Falando por dentro de uma instituição de ponta, mergulhada em toda a produção que ali se desenvolve, no que concerne às mais sofisticadas tecnologias de comunicação e informação, a pesquisadora se propôs, nos últimos anos, a usar uma metodologia de investigação que pudesse reunir, simultaneamente, a sensibilidade da etnógrafa e a da psicóloga clínica. Focada no público jovem, ela recolheu para esse último livro anotações de entrevistas, escutas clínicas, conversas, observações antropológicas livres do cotidiano (por exemplo, uma singela fila na entrada de um museu), e foi compondo um quadro das angústias, expectativas, indagações e certezas de estudantes de high schools e de colleges, também de seus pais, nos Estados Unidos – num total de 450 sujeitos, 300 dos quais crianças.
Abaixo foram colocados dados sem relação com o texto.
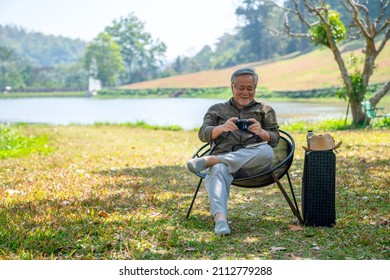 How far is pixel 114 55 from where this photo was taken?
91.2ft

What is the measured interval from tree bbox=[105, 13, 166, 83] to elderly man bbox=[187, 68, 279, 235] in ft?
74.0

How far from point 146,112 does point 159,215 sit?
15.1 m

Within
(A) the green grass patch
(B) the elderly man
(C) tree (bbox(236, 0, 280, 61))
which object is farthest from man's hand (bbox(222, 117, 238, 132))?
(C) tree (bbox(236, 0, 280, 61))

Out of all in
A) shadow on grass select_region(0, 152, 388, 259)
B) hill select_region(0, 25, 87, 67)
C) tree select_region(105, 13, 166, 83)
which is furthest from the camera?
tree select_region(105, 13, 166, 83)

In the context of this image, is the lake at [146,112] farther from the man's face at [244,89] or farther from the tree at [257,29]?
the man's face at [244,89]

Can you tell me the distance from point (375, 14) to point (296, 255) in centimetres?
1077

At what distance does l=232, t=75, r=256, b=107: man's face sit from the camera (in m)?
3.69

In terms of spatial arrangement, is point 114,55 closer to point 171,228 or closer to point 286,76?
point 286,76

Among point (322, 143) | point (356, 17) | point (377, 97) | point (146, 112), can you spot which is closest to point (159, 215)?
point (322, 143)

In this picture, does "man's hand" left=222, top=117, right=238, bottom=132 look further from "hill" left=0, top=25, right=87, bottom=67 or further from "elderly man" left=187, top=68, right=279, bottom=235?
"hill" left=0, top=25, right=87, bottom=67

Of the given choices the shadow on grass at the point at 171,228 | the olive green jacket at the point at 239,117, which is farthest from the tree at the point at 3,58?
the olive green jacket at the point at 239,117

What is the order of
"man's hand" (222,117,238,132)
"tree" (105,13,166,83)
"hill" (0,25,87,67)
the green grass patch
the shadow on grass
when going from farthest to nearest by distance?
"tree" (105,13,166,83)
"hill" (0,25,87,67)
the green grass patch
"man's hand" (222,117,238,132)
the shadow on grass

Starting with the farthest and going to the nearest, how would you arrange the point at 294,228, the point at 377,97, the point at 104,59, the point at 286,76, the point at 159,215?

Os testemunhos de jovens estudantes, nos últimos anos, levaram Turkle a questionar alguns mitos que nós, na área da educação, ainda insistimos em reiterar, quando sustentamos uma euforia positiva e quase salvacionista, permitida supostamente pela relação com os meios digitais, com os objetos tecnológicos como os tablets, o já "clássico" PC, os smartphones, bem como com os jogos eletrônicos, os milhares de sites da internet, os vídeos do You Tube, entre tantos outros objetos técnicos e seus produtos. Muniz Sodré relaciona essa mitologia contemporânea ao fato de que estaríamos diante de um novo cenário ético, caracterizado pela "prevalência do bem tecnológico", "que recalca quaisquer outros aspectos moral e socialmente negativos na rede cibernética ou a evidência de que a 'liberdade' na rede consiste simplesmente na seleção de conexões dentro de um jogo combinatório de possibilidades" (Sodré, 2011, p. 203).
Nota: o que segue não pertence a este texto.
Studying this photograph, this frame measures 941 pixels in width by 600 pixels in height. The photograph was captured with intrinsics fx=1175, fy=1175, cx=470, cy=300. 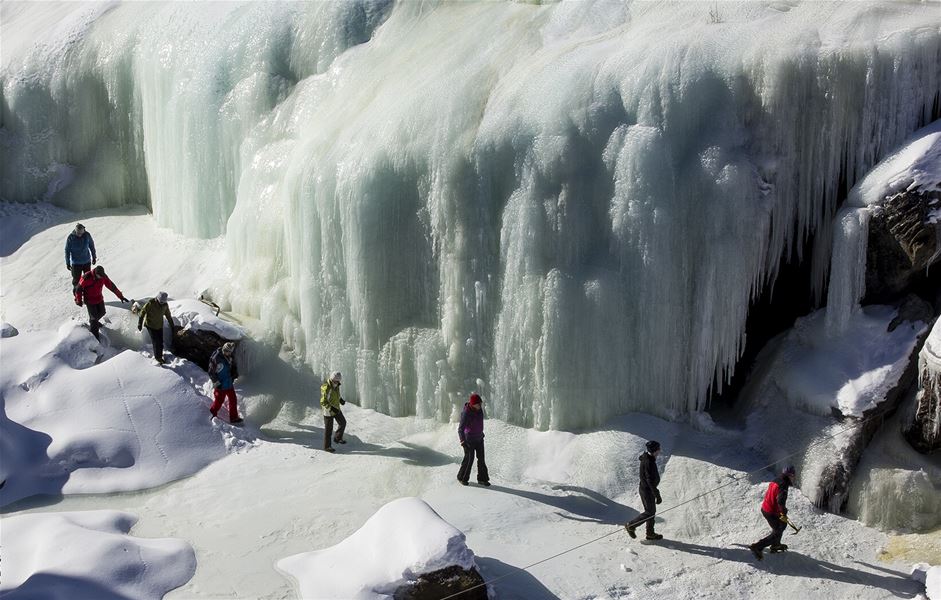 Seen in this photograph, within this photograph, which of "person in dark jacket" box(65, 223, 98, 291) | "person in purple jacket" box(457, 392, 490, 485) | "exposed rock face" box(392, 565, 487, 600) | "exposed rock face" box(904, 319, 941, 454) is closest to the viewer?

Turkle nos ajuda a ter certa reserva com tal excesso de otimismo, que ela mesma já cultivou nos anos de 1980, quando escreveu Life on screen, quanto às possibilidades de abertura às pessoas, oferecidas pela tela do computador conectado na rede, no sentido da constituição de identidades online. A identificação com os avatares dos jogos digitais mostrava-se promissora então, mas Turkle já observava algo inquietante nos depoimentos das crianças e jovens que entrevistou naqueles anos: alguns falavam em "vida real", referindo-se a seus avatares; conectados com as janelas dos e-mails, do arquivo das pesquisas para a escola, dos games favoritos – tudo ao mesmo tempo –, muitos diziam que a vida real dos avatares "não passava de mais uma janela no computador" (Turkle, 2011, p. XII). O que significava para aqueles sujeitos uma vida real que não passava de uma "janela" no computador?
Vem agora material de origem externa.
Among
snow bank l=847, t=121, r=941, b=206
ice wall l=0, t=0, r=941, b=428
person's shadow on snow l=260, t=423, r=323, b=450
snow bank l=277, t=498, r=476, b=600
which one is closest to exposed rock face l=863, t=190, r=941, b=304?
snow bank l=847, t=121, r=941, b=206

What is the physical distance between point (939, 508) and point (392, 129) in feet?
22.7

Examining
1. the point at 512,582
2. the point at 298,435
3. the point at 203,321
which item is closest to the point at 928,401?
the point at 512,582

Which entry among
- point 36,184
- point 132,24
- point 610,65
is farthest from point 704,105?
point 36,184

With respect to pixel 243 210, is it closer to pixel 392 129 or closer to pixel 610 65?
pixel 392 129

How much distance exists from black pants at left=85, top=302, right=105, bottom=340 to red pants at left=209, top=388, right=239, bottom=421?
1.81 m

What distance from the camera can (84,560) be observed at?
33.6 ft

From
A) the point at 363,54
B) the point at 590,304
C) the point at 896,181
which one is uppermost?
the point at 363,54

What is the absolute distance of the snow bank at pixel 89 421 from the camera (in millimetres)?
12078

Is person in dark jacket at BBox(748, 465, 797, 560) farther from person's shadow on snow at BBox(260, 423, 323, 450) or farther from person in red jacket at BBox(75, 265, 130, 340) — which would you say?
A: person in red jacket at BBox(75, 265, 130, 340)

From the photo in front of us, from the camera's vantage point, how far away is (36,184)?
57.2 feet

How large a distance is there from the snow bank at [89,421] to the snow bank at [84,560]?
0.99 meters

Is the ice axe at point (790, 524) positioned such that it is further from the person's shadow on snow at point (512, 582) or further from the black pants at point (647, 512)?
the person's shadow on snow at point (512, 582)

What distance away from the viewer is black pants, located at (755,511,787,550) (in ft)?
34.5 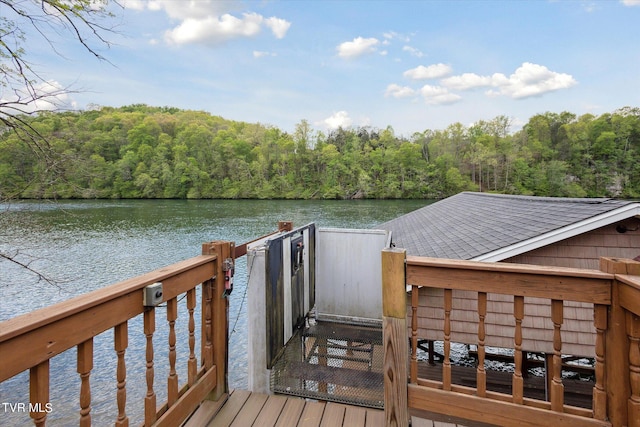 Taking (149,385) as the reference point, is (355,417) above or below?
below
Aos poucos, a pesquisadora do MIT decidiu que era imprescindível estudar quais mudanças efetivamente estariam ocorrendo em nossa sociedade, na qual, de fato, já temos mais de uma geração que pode ser chamada de "nativos digitais". Suas perguntas passaram a referir-se à complexa produção de novas subjetividades em curso – portanto, a uma espécie de "perigo" de nosso tempo, conforme sugere Foucault numa de suas entrevistas a Dreyfus e Rabinow, sobre a publicação dos volumes II e III de sua História da sexualidade. Foucault dizia a seus entrevistadores que se ocupava do tema do sujeito dos anos de 1980 não exatamente porque estivesse buscando soluções para o presente, a partir de um suposto modelo de vida, encontrado nos gregos clássicos. Foucault desejava fazer uma genealogia das problematizações que até então a sociedade ocidental se vinha propondo.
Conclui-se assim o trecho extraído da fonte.